Terkuak! Ternyata KEK Kura Kura Bali Langgar Radius Kesucian Pura Sakenan, Bangunan di Lahan Reklamasi BTID Harus Dihancurkan, Jangan Tebang Pilih!
Foto: Google Map menunjukan Kura Kura Bali berada di radius kesucian Pura Sakenan sepanjang 2.000 meter (foto atas), Tokoh Puri di Kota Denpasar, Anak Agung Gede Agung Aryawan, ST., (foto bawah).
Denpasar (Metrobali.com)-
Hubungan Warga Desa Adat Serangan, Denpasar, dengan PT Bali Turtle Island Development (BTID) yang mengelola Kura Kura Bali di kawasan reklamasi Pulau Serangan nampaknya tidak akan pernah harmonis. Tokoh puri di Kota Denpasar, Anak Agung Gede Agung Aryawan, ST., alias Gung De mengungkap fakta mencengangkan.
Selain, bangunan resort mewah yang demo besar-besar oleh warga Desa Bugbug, karena dituding melanggar kawasan suci di Pura Gumang, Karangasem, ternyata pelanggaran serupa juga disinyalir terjadi di kawasan reklamasi Kura Kura Bali yang telah menodai kawasan suci Pura Sakenan. Ditegaskan sebagai salah satu Pura Dang Kahyangan, Pura Sakenan sesuai Bhisama PHDI Pusat harus bebas bangunan komersil dalam radius minimal 2.000 meter. ”

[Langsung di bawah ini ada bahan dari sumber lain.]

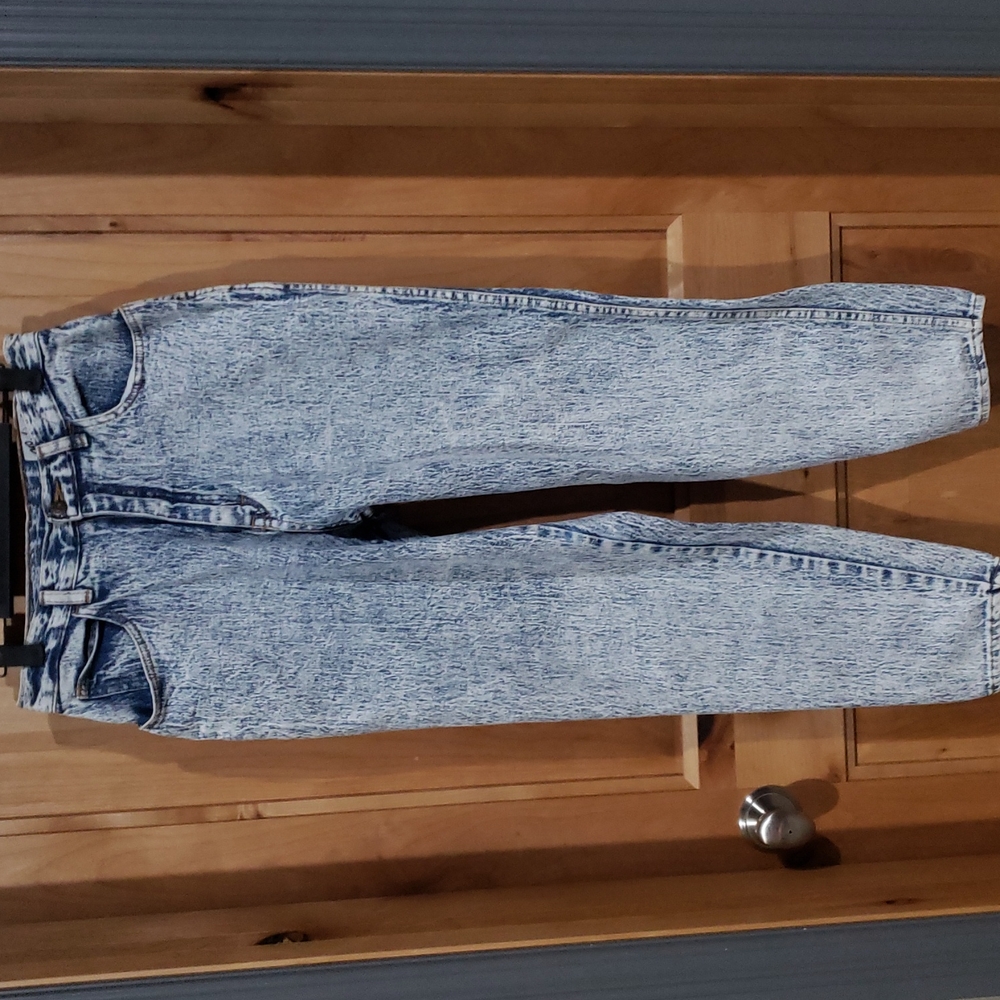 VINTAGE NO EXCUSES ACID WASH MOM JEANS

Sebagai Pura Dang Kahyangan radius kesucian sesuai Bhisamanya 2.000 meter. Pura Sakenan kan Dang Kahyangan sesuai aturan Bhisama PHDI, maka Pura Dang Khayangan radius 2.000 meter sebagai area suci sing dadi membangun (tidak boleh membangun, red). Dalam artian tanah itu harus kosong 2.000 meter. Seperti bangunan dekat Pura Pecatu yang digugat kan? Bahkan radiusnya 5.000 meter di sana tidak boleh membangun,” beber Gung De.
Namun, anehnya di area kawasan Kura Kura Bali saat ini, ternyata sudah ada bangunan yang berdiri kokoh dengan lantai di atasnya difungsikan sebagai learning hub atau kampus berskala dunia. Sementara bangunan di lantai bawah sengaja dikomersilkan untuk area bisnis perusahaan asing Starbucks.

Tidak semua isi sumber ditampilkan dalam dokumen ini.